## INPUT FOR THIS TASK
• • • • • • •

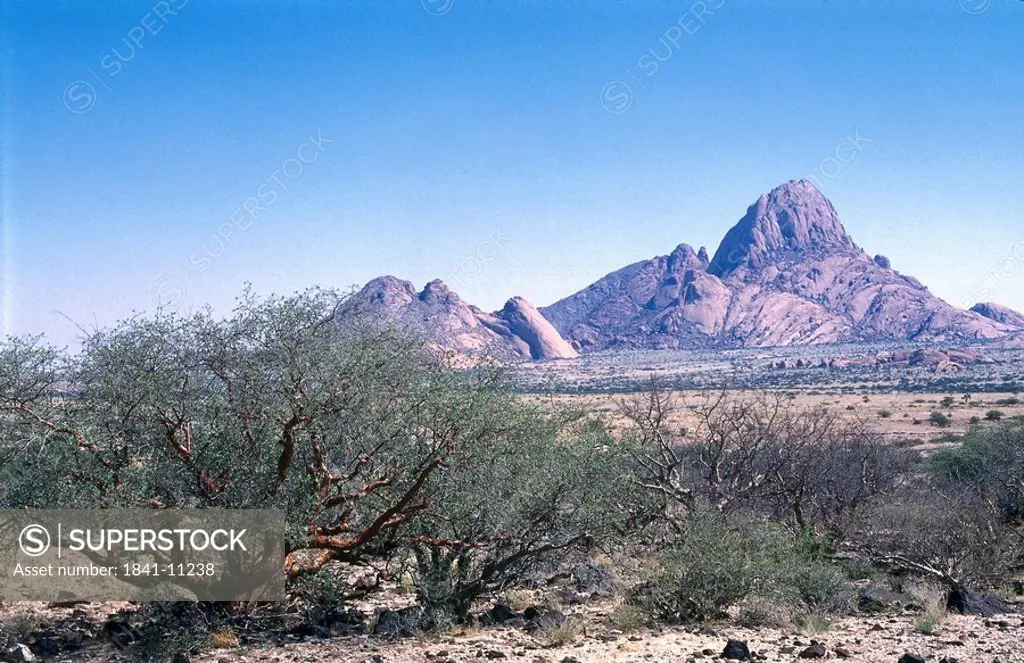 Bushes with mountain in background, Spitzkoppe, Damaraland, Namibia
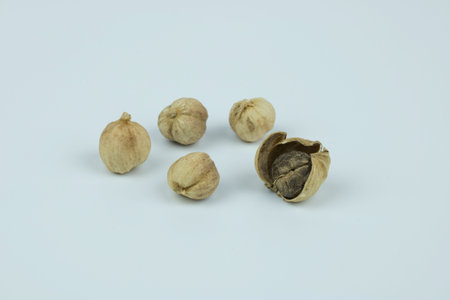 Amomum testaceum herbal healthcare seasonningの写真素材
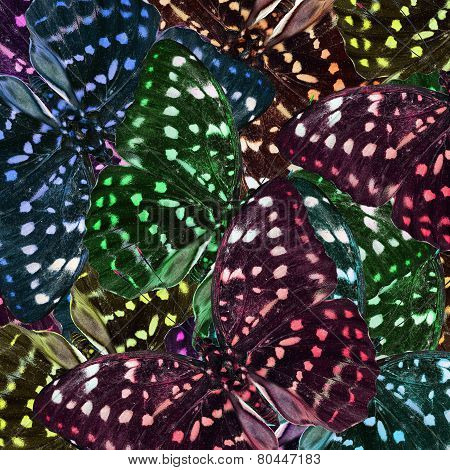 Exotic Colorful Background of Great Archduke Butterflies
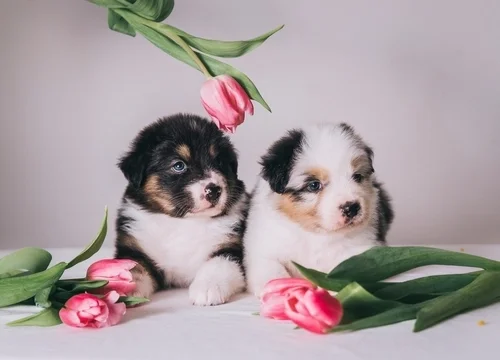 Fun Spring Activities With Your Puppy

• • • • • • •

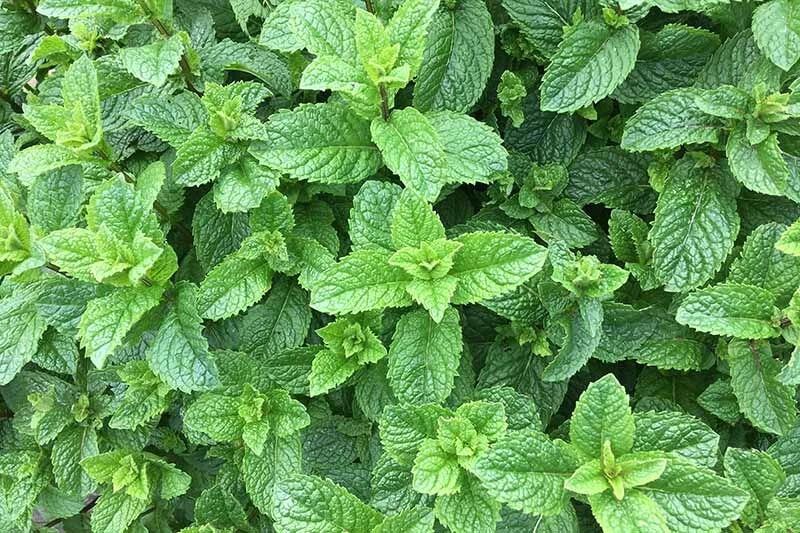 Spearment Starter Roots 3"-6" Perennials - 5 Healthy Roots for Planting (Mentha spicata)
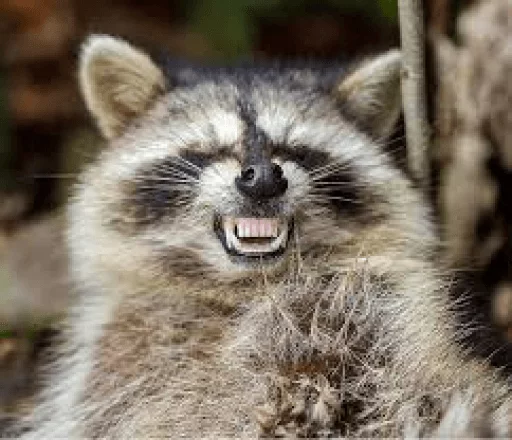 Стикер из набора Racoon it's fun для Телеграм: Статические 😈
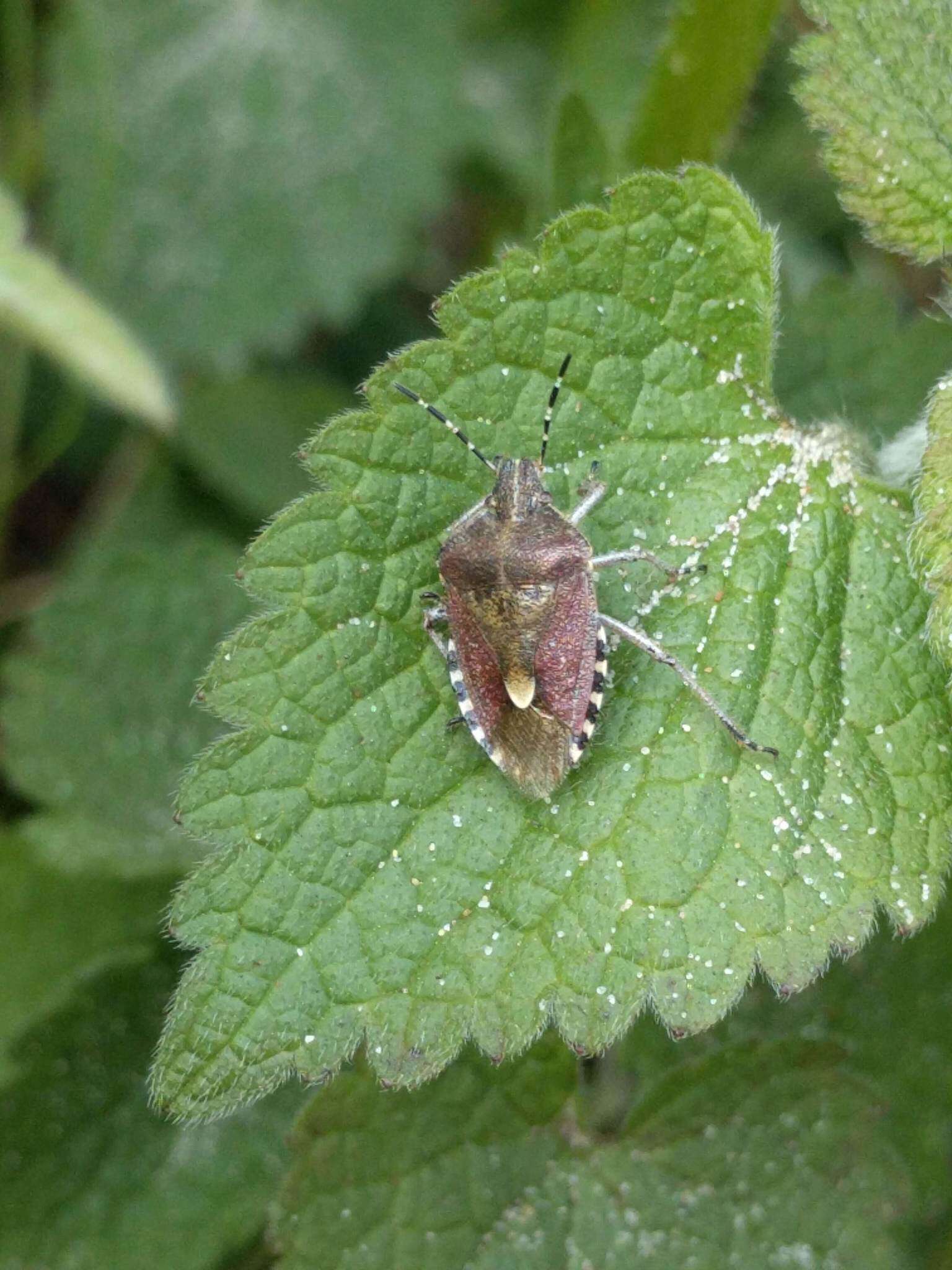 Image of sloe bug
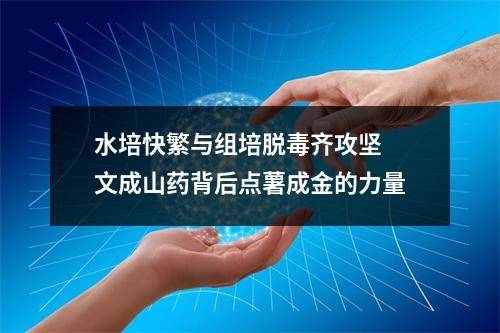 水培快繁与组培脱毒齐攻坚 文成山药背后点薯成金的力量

• • • • • • •

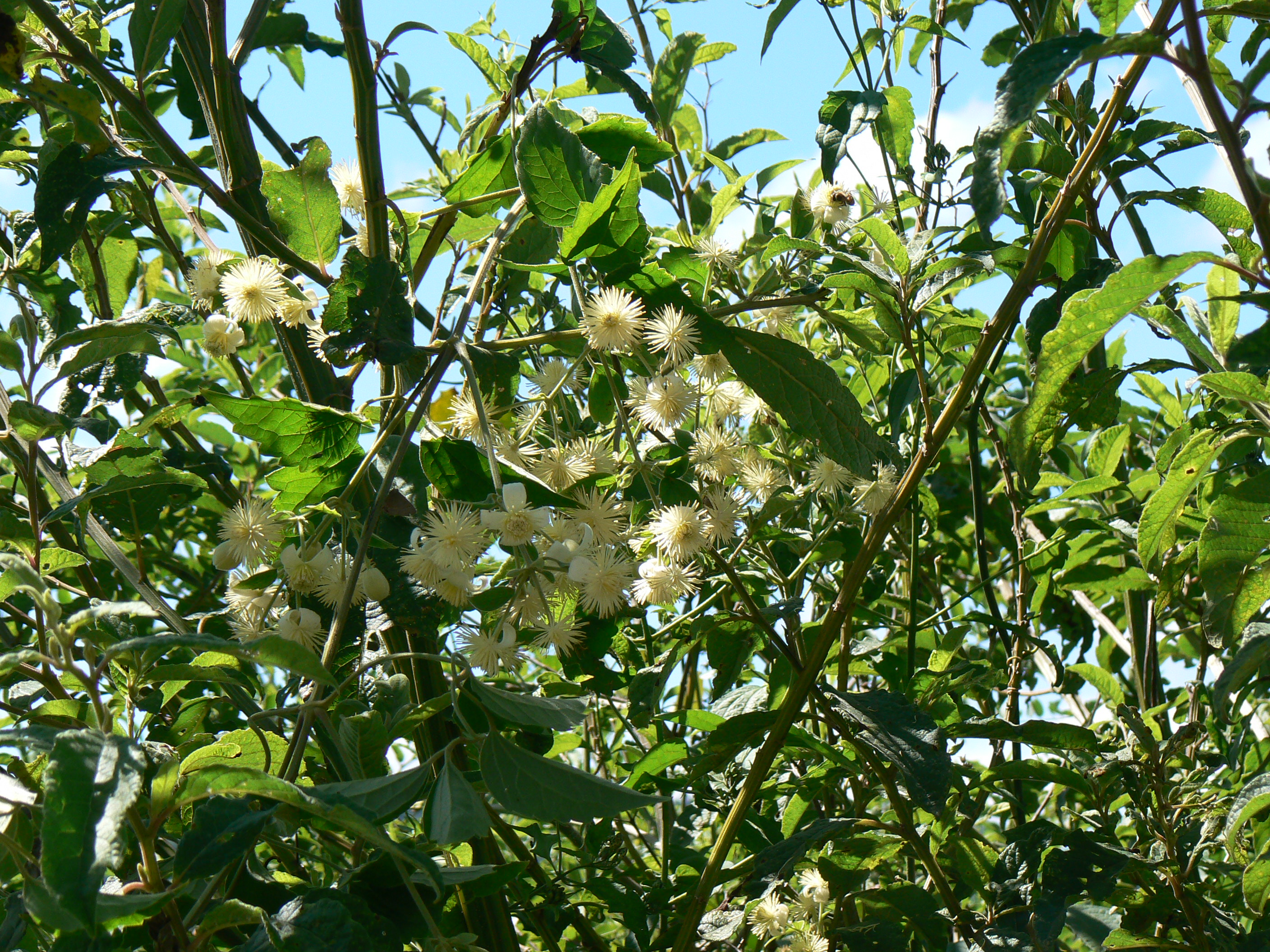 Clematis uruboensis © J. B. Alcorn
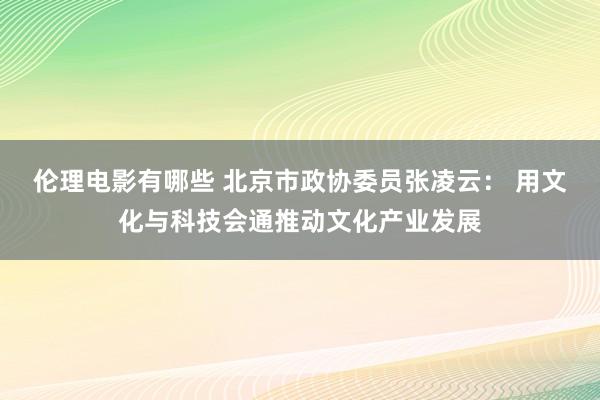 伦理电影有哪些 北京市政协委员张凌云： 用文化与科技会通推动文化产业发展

• • • • • • •

Nothing but the lines from the one with "Clematis uruboensis © J. B. Alcorn" up to and including the one with "伦理电影有哪些 北京市政协委员张凌云： 用文化与科技会通推动文化产业发展" should be printed, exactly as they read above. Please keep the pictures out.

## WRITTEN SOLUTION
 Clematis uruboensis © J. B. Alcorn
 伦理电影有哪些 北京市政协委员张凌云： 用文化与科技会通推动文化产业发展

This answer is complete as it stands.